The El Niño weather pattern – blamed for this year’s heavy snows in the United States and a long-running drought in Australia – has peaked, but is expected to influence climate patterns worldwide until mid-year before dying out, the United Nations weather agency said today.
“The most likely outcome by mid-2010 is for the El Niño event to have decayed and near-neutral conditions to be reestablished across the tropical Pacific,” the World Meteorological Organization (WMO) said in a statement.
El Niño, whose latest cycle started in June 2009, is a seasonal warming of the central and eastern Pacific Ocean that upsets normal weather patterns from the western seaboard of Latin America to East Africa.
For example, since last October, Uganda has been experiencing heavy rains believed to be tied to El Niño.
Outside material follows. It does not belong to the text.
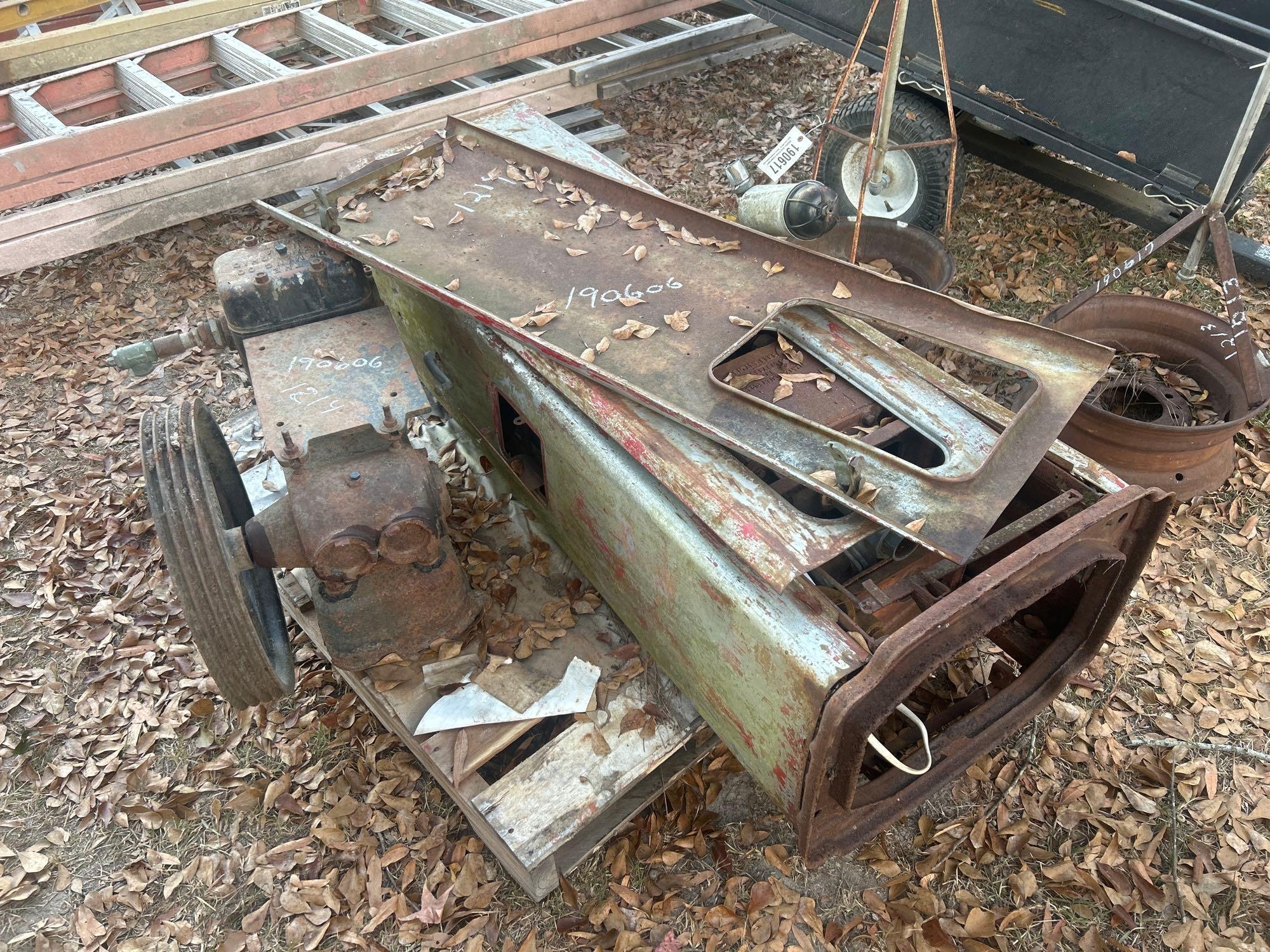 VINTAGE GAS PUMP (A58374)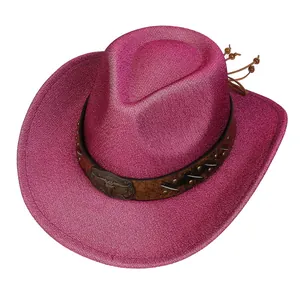 Dettaglio cappello da cowboy magenta glitterato con fascia in pelle e fibbia in bronzo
Deadly mudslides killed at least 80 people earlier this month and left an estimated 20,000 households in need of housing and food.
The warmer temperatures associated with El Niño are usually followed by a cooling spell known as La Niña.
According to WMO, the climate phenomenon may have peaked in November or December, but its effects should still be felt through April to June.
The organization cautioned, however, that the period from March to June is a particularly difficult time of the year for forecasting developments in the tropical Pacific region and that it is still possible for El Niño to persist or for the early stages of a La Niña pattern to be present by mid-year.